Judge Raymond Kethledge said Kevin Hardwick, a former firefighter and the plaintiff in the case, failed to link any of the five chemicals found in his bloodstream to any of the named defendants. Further, Hardwick chose to pursue legal action against 10 specific companies, even though there are “thousands of companies that have manufactured chemicals of this general type over the past half-century.”
In addition to 3M, DuPont and Chemours, the other seven defendants named in the lawsuit include Archroma Management, Arkema, Arkema France, AGC Chemicals Americas, Daikin Industries, Daikin America and Solvay Specialty Polymers USA.

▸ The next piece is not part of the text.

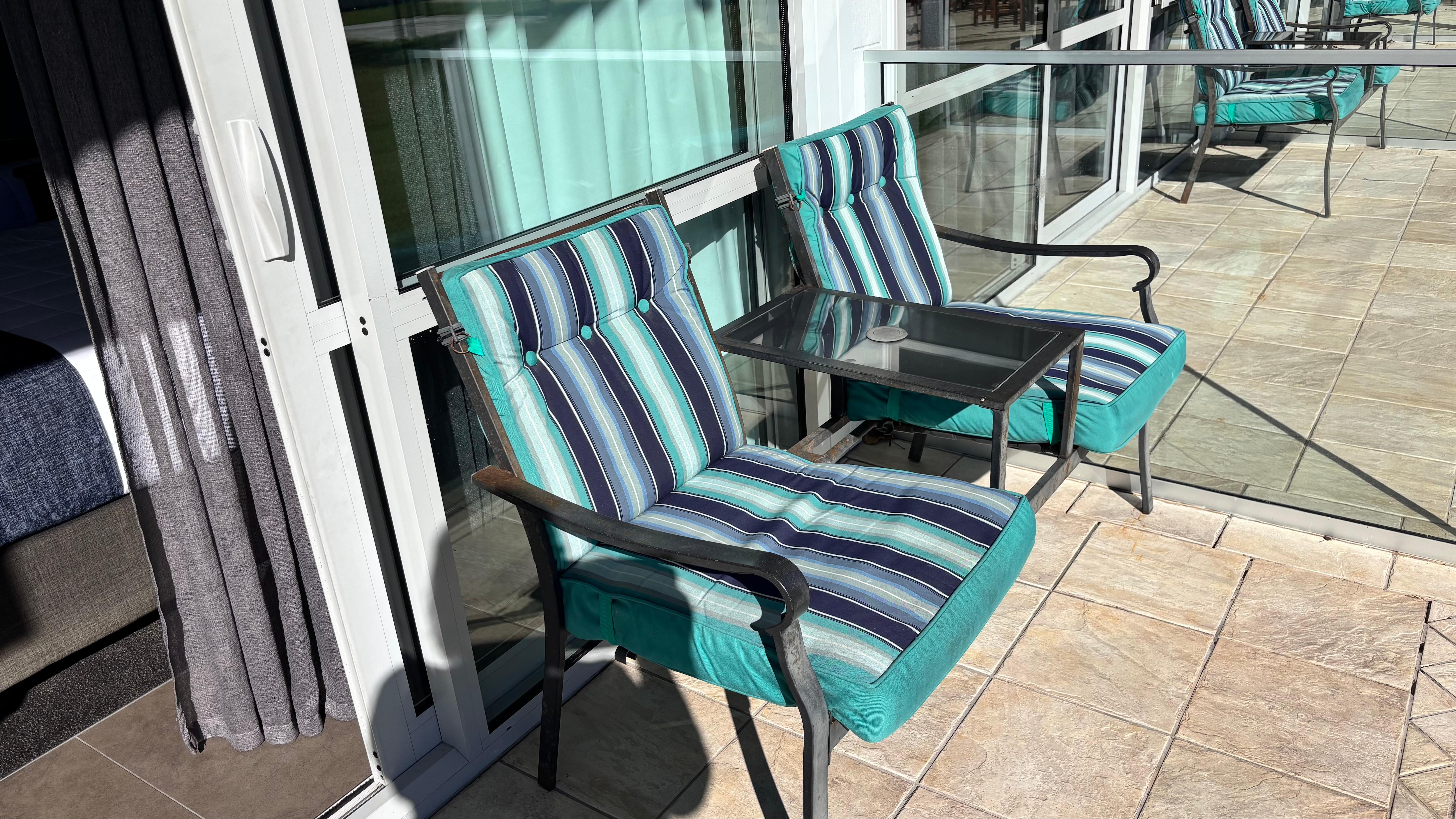 Outdoor seating with view of water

Hardwick first brought the suit in 2018 and originally sought to include nearly everyone in the U.S., but the district court whittled the certified class down to Ohio’s 11.8 million residents.
Kethledge said he reversed that order and was remanding the case to the lower court to dismiss it for lack of jurisdiction.
The defendants appealed the lower court’s order by arguing for lack of standing.
The appeals court ruling said that since Hardwick’s injury is the presence of five different types of PFAS in his blood, he needed to show that each named defendant “likely caused” the presence of at least one of these.
“Seldom is so ambitious a case filed on so slight a basis,” Kethledge said in his dismissal. “To allege simply that these defendants manufactured or otherwise distributed ‘PFAS,’ therefore, is patently insufficient to support a plausible inference that any of them bear responsibility for the particular PFAS in Hardwick’s blood.”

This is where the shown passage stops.